Presentation I: MEI for Encoding Mensural Music – A Survey

Monday, June 22nd, 16–17h (GMT+2)

A peculiarity of mensural notation is the context-dependent nature of the duration of the notes. Mensural pieces are commonly written in separate parts, a layout that does not allow us to visualize the vertical sonorities and appreciate the polyphonic texture of the piece. Although many mensural pieces are encoded in symbolic formats (e.g., MusicXML and MIDI), these files tend to encode the modern transcription of the piece rather than its original (mensural) values. MEI, instead, allows encoding mensural music in the original notation through its Mensural Module. This presentation showcases some projects that have worked on encoding mensural music in MEI. The common goal of these projects is to present the mensural pieces as scores in the original notation.
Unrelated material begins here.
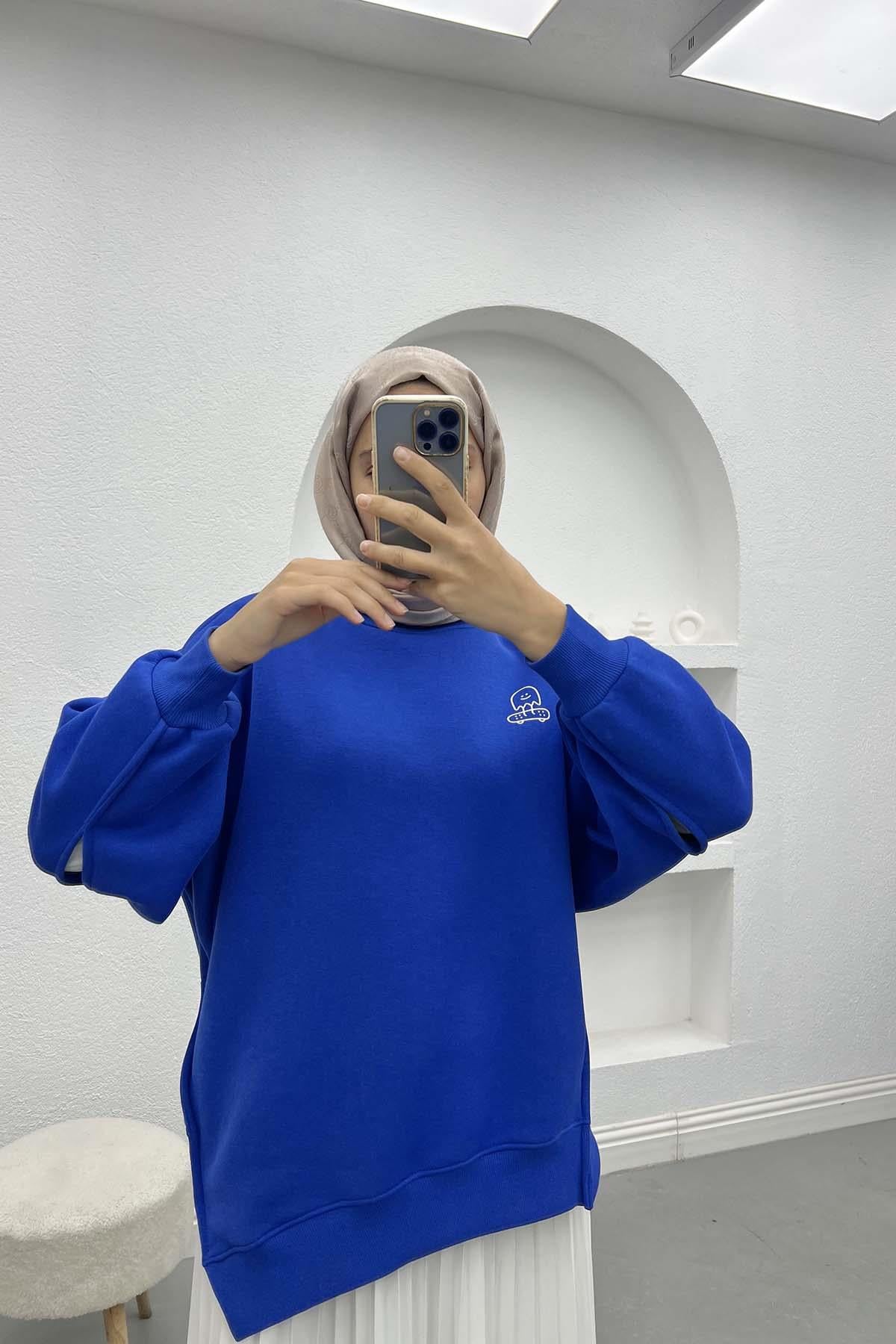 Kol Yırtmaçlı Üç İplik Sweatshirt Saks Mavi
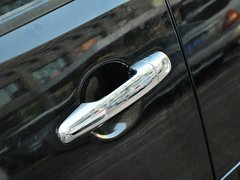 2013款 3.0L 自动 旗舰版 7座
The MEI representation allows visualizing the vertical sonorities (which are hindered by the separate-parts layout of the original sources) while still maintaining the notation of the sources, thus avoiding to lose some important details of the notation in modern transcriptions.

Workshop I: Introduction to MEI

Wednesday, June 24th, 16–19h15 (GMT+2)

General introduction to MEI (Music Encoding Initiative) and the elements and attributes of the Neumes and Mensural modules.

Presentation II: The Portuguese Early Music Database

Monday, June 29th, 16–17h (GMT+2)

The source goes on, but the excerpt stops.